Remember the 2014 season, when Temple went 6-6 but was shut out of a bowl game thanks in part to basic snobbery of the voters who must have thought the Owls were a hoops-only school?!

Already this year’s Owls have pulled off the story of the first year by beating Penn State 27-10.

Seventy-three years and 322 days had passed since Oct. 18, 1941, the last time Temple beat Penn State. In between, the two had played 39 times — 38 Penn State wins, one 7-7 draw in 1950. Most of the 69,176 who filled Lincoln Financial Field on Saturday did not expect any interruption of long-accepted tradition.

It jarred the idea of Penn State as upward-bound in the second year under coach James Franklin. The development of junior Christian Hackenberg, the statuesque quarterback said to stoke NFL salivation, took another dent.

Temple sacked him 10 times, and linebacker Tyler Matakevich said, “Biggest thing we did today, we started disguising, and you could tell he got really uncomfortable.”

The 27-10 outcome, hatched from an early 10-0 Penn State lead, was another benchmark for a program that often has gone uncommonly parched between benchmarks.
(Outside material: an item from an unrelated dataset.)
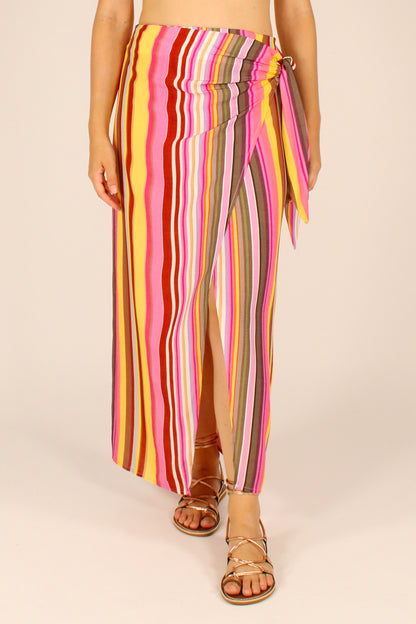 Gonna Lunga Pareo Stampa Righe Multicolore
Temple went 22-88 in the 1990s, 34-83 in the 2000s (with a 9-4 mark under Al Golden in 2009 burnishing that). When it won at Virginia Tech in 1998, some considered it among the greatest upsets in human history.
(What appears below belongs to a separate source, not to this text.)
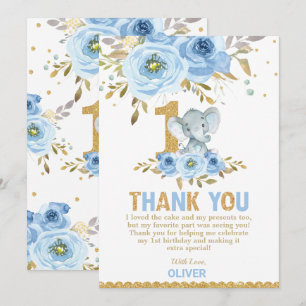 Elephant 1st First Birthday Blue Floral Flowers Thank You Card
It’s fair to say that many Americans, on occasion, have forgotten the program exists.

Now, Rhule can’t wait to dial prospective recruits who know it exists. Temple giddily has reduced its points deficit against Penn State, lifetime, from minus-870 to minus-853. Its “Cherry and White defense,” as a Temple report noted, has alerted many to the existence of any Cherry and White defense. The spectators in a rare Temple sellout — largely Penn State fans — can say they witnessed something deeply rare. (“We come out and there were all those people there, it was awesome,” Rhule said. “You look on the sidelines, there was Chip Kelly, there’s 15 NFL scouts there.”)

Best of all, some chronic underdogs got themselves a day. “It was wonderful, man, everybody jumping around, singing the fight song, everybody excited,” defensive lineman Nate D. Smith said of the post-game locker room.

Now and across the fall, let’s see about that bowl.